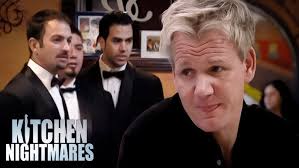 The Spanish Pavillion Is ABSOLUTE UNHINGED CHAOS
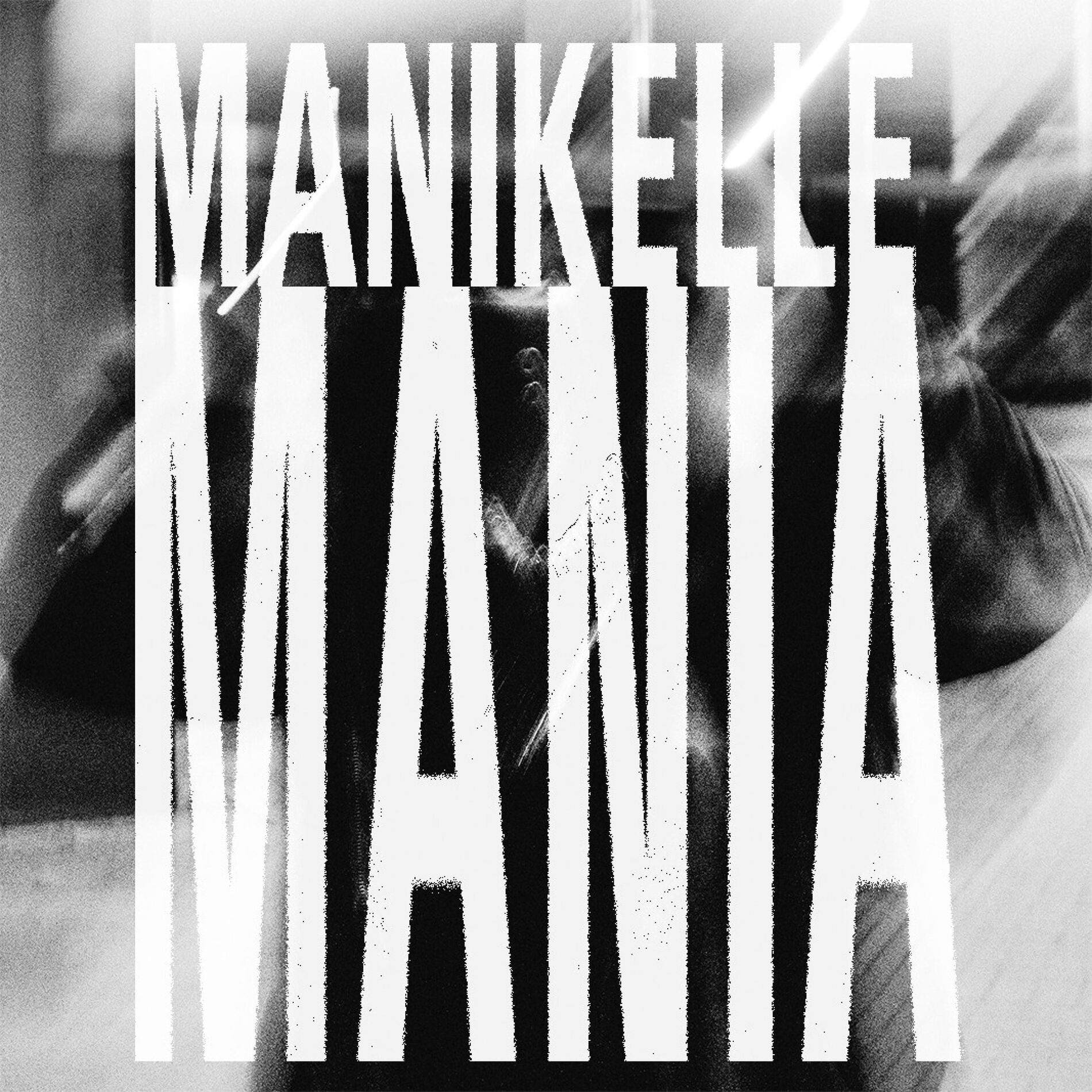 Album cover of MANIA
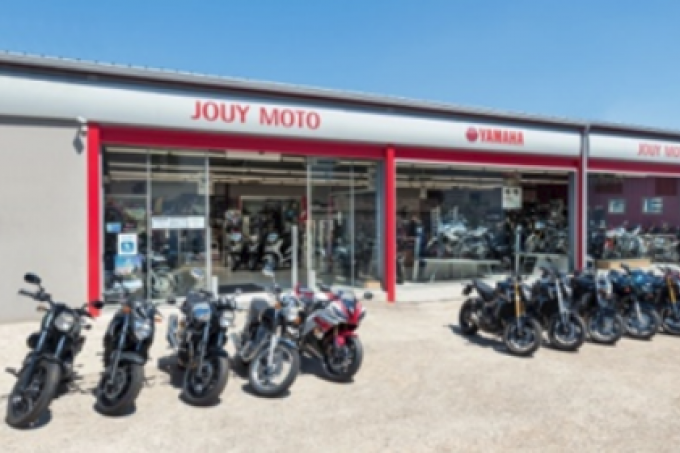JOUY MOTO VILLENEUVE 1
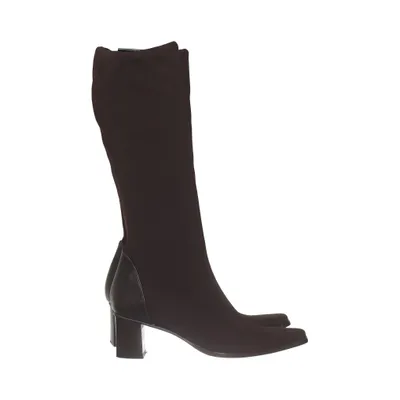 Bottes (Marron) de Vera Gomma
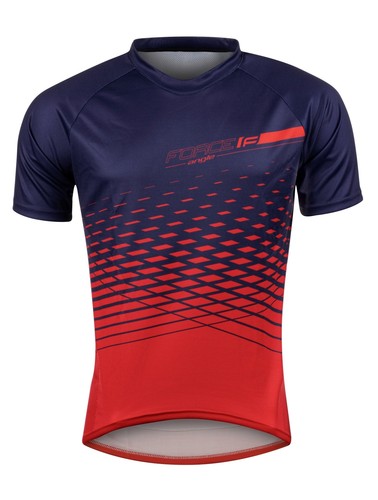 Jersey force mtb angolo - jersey,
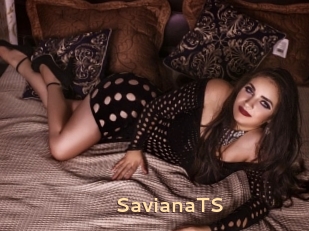 SavianaTS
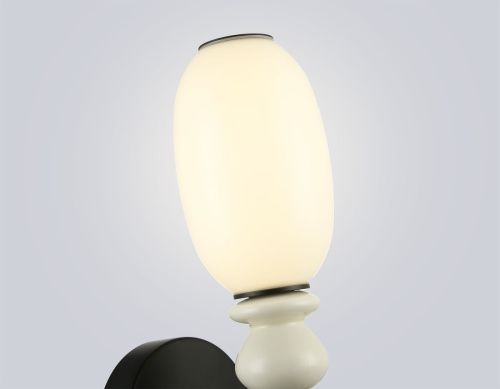 Бра Ambrella Light Ceramo Modern (Церамо Модерн) LH53148 - фото 5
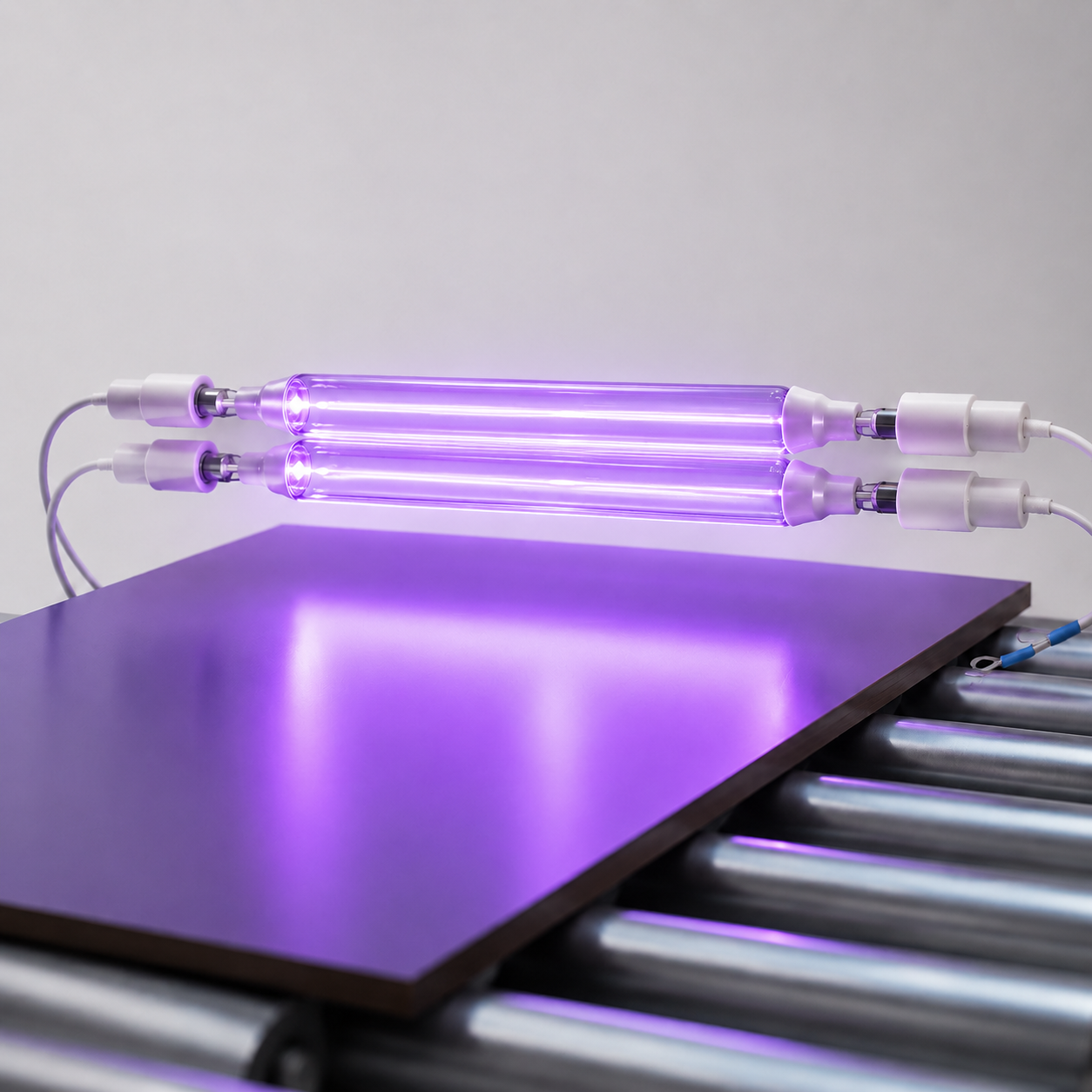 How to Diagnose Uneven Validated UV Delivery with Controlled Human Exposure in UV C Disinfection Lamp Integration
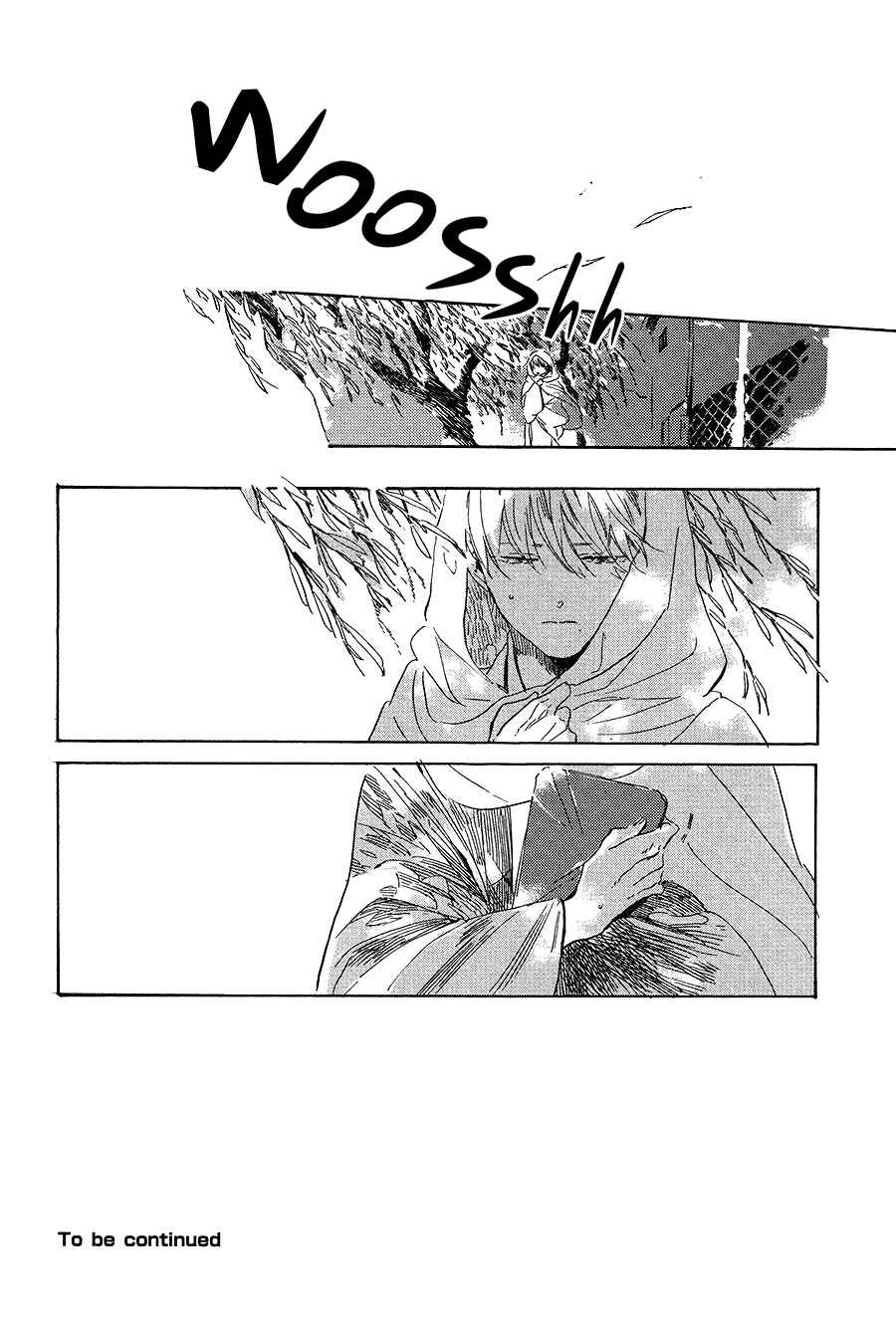 Page 45 Chapter 4 Ten Ten Shiro Shiro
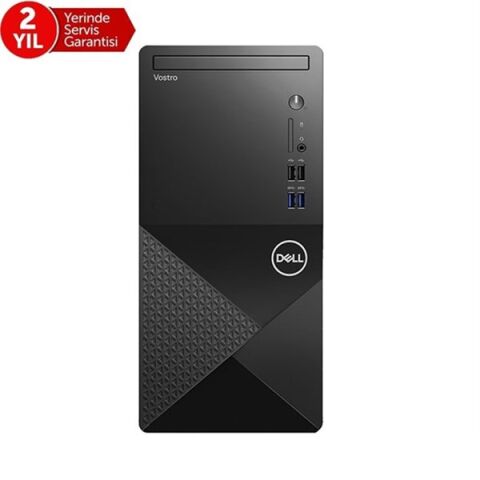 DELL VOSTRO 3910 N3563VDT3910WP CORE i3 12100 32GB RAM- 256GB M2 NVME-W11 PRO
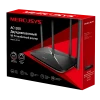 Router fără fir MERCUSYS AC12G, Negru Router fără fir MERCUSYS AC12G, Negru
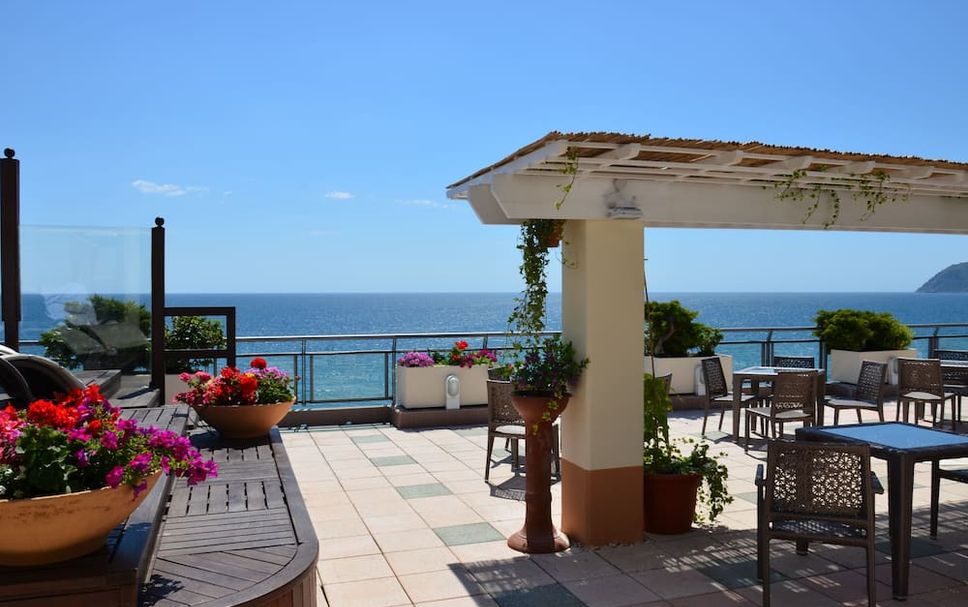 Balcone Foto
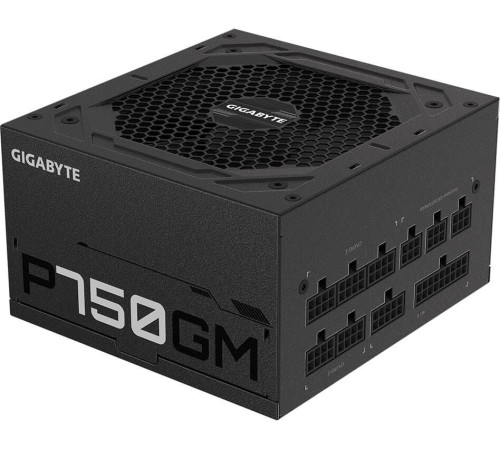 Блок питания Gigabyte P750GM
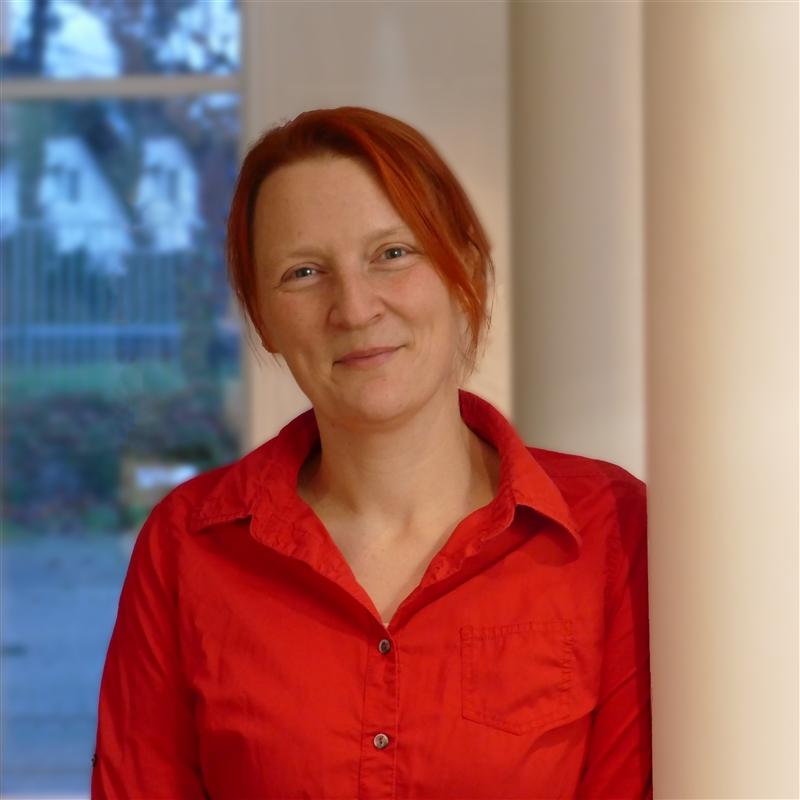 Katharina Mittag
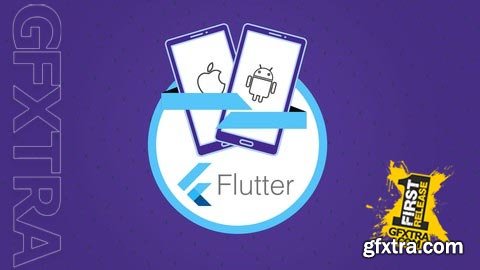 Udemy - Flutter & Dart - The Complete Guide [2024 Edition]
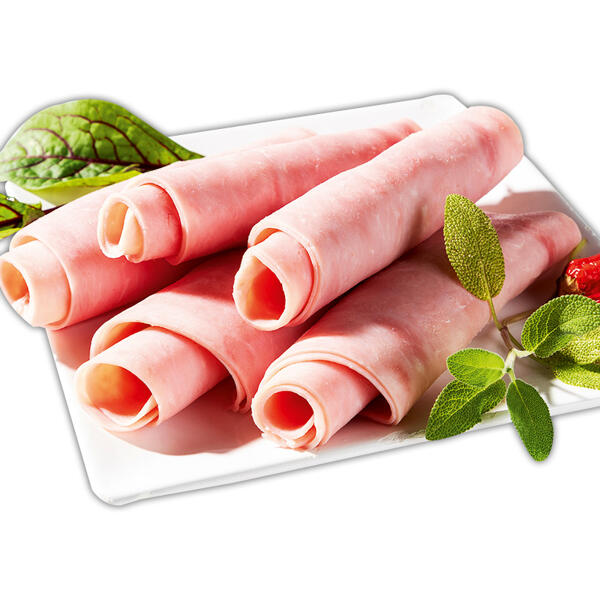 Schweineschinken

◇ ◇ ◇ ◇ ◇

● Work task:
An exact copy of every entry, minus the pictures, is what you should return.

● Reply:
 The Spanish Pavillion Is ABSOLUTE UNHINGED CHAOS
 Album cover of MANIA
JOUY MOTO VILLENEUVE 1
 Bottes (Marron) de Vera Gomma
 Jersey force mtb angolo - jersey,
 SavianaTS
 Бра Ambrella Light Ceramo Modern (Церамо Модерн) LH53148 - фото 5
 How to Diagnose Uneven Validated UV Delivery with Controlled Human Exposure in UV C Disinfection Lamp Integration
 Page 45 Chapter 4 Ten Ten Shiro Shiro
 DELL VOSTRO 3910 N3563VDT3910WP CORE i3 12100 32GB RAM- 256GB M2 NVME-W11 PRO
 Router fără fir MERCUSYS AC12G, Negru Router fără fir MERCUSYS AC12G, Negru
 Balcone Foto
 Блок питания Gigabyte P750GM
 Katharina Mittag
 Udemy - Flutter & Dart - The Complete Guide [2024 Edition]
 Schweineschinken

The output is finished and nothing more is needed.